# Sell my house FAST!



## Maggz (Jun 27, 2003)

Ok, we need to get rid of this house.. Now. My parents are divorced and my mom cant afford the morgtage. I suggested one of those Sell your house for cash agencies but shes afraid of getting scammed. So once again, I turn my question to the wonderful comminuty here to see if anyone has any idea of a reputable service who will take my house off our hands for cash fast. 

Thanks as always,
Maggz


----------



## tdi_veedub (Jan 29, 2004)

Some questions for you:

How much is the mortgage?
How much is left owing?
How much was the house purchased for?
How much is it worth now?
Will it pass a building inspection without needing repairs?

Why would she want to sell the house, only to turn around and pay rent? Do you work? Are you able to work?

Basically, what I am saying is, do everything you can to keep the house. It is the only good investment anyone can make these days, but it is only good once it's paid off.

Unless your house has appreciated immensely in value, chances are, once all of the fees are paid, you won't get any extra cash once it's sold. If your mom is in a position where the house is worth more than what is owed on the mortgage, why not just reverse mortgage it? Then she could either use the extra money to pay down what's left owing, or use the money until you guys get back on your feet, and keep the house to boot.

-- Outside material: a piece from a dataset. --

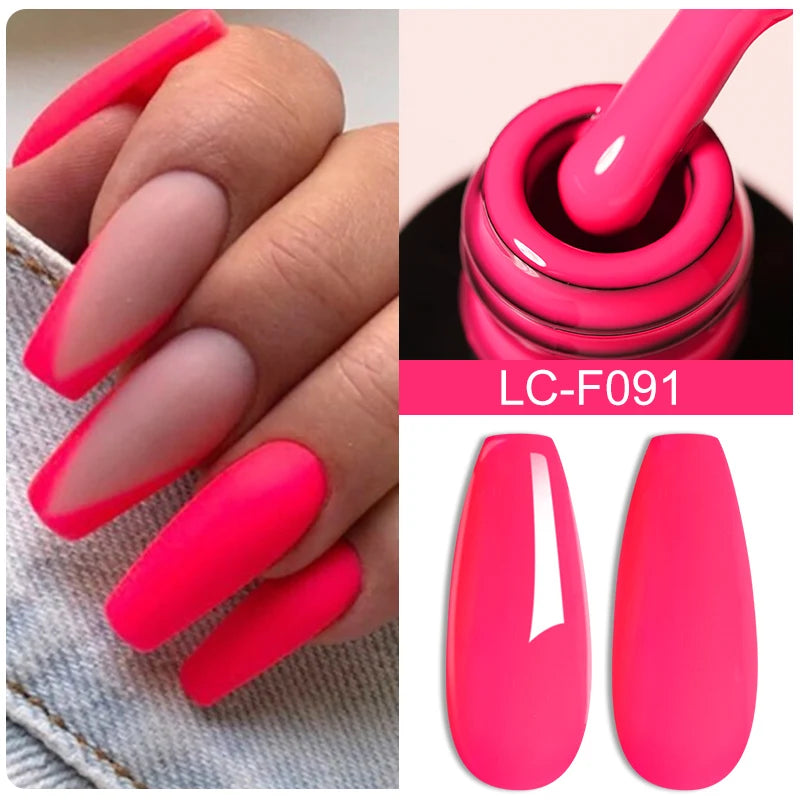LILYCUTE 15ML Quick Extension Gel Nail Polish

What ever you do, do NOT use one of those agencies to sell the house. Do it properly, if it is well maintained, and is in a good market, it will sell in no time.


----------



## Maggz (Jun 27, 2003)

Mortgage - 1,400
Owing - over 150k
Paid - 410k
Worth - 420k
Ony repairs needed is a paint job cause i scorched my rooms ceiling (dont ask)

My mom makes 1,600 a month. Mortage is 1,400 leaving us with $200 to pay for utilities, pets, food, gas, unexpected emergencies, ect

I personally am able to work, and im looking. My mom has about $600 left in her account as of now and the mortage is comming up again. 

The house has been on the market for about 3 months to no avail of selling.
*sigh*


----------



## tdi_veedub (Jan 29, 2004)

There is 410K paid on a house that is worth 420K and there is still 150K owing?

Dang, that's tough, might as well just stay there and try to make it work. If she is able to sell the house, she will still owe 150K, because the house is only worth 420. The most likely reason noone is buying is because of leins attached to the house. 

She could also try renting part of it out. Even if she rents a room for about $400/month, that would leave some room for surviving.

if you paid her $200 for your room, and she rents another room for $400, then she would only need $800/month for the mortgage, wich is half of her take home. The other half could be used for insurance, groceries, taxes, incidentals etc.


----------



## Maggz (Jun 27, 2003)

I guess we will see what happens. Im most likely going into the Air force soon, so I wont be around to help her out.


----------



## Rockn (Jul 29, 2001)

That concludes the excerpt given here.